La tragique histoire du pont de Québec
Michel Moutot, dont c’est le premier roman, a aussi rencontré, à Akwesasne, un monteur de structures d’acier qui a participé à la construction des tours du World Trade Center, au début des années 1970. C’est lui qui a inspiré à Michel Moutot le personnage de Wild Bill Cooper. Dans son roman, l’histoire remonte plus loin encore, jusqu’à Manish Rochelle, le personnage d’un Mohawk de Kahnawake qui échappe de justesse à l’affaissement du pont de Québec, en 1907.
Le 29 août 1907, le pont en construction qui traversait le fleuve à la hauteur de Québec s’est en effet effondré, à cause d’erreurs de planification des dirigeants, et 76 de la centaine de monteurs de structures d’acier qui y travaillaient sont morts. Parmi eux, 33 étaient des Mohawks de la réserve de Kahnawake, qui étaient alors 38 à travailler sur le pont.

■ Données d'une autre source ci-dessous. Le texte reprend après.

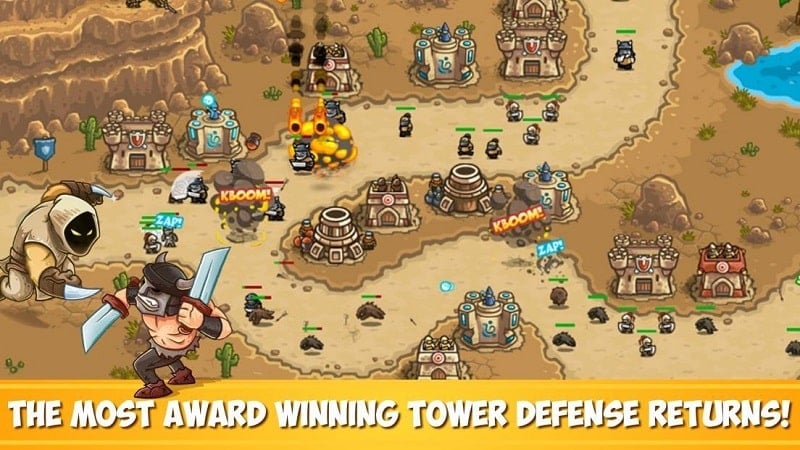 Kingdom Rush Frontiers Screenshot2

« Depuis, les mères de clan ont décrété qu’il ne pouvait pas y avoir plus d’une équipe de Mohawks à travailler sur les ponts », raconte Michel Moutot. « Et c’est encore le cas aujourd’hui, on ne trouve pas plus de six Mohawks sur un chantier. »
La construction des tours du World Trade Center, dans les années 1970, était un chantier fabuleux pour travailler, explique-t-il. D’abord, les travaux ont duré quatre ans, offrant des conditions de travail stables aux employés. En outre, le chantier ne comportait pas trop de danger, du fait que les tours étaient montées de l’intérieur vers l’extérieur, limitant l’exposition au vent et aux intempéries pour les monteurs de structures d’acier.
Car ce métier est dangereux. Lorsque les monteurs de structures d’acier vieillissent, « ils sont tous cassés, dit Michel Moutot. Ils boitent. Ils sont tous tombés à un moment ou à un autre ».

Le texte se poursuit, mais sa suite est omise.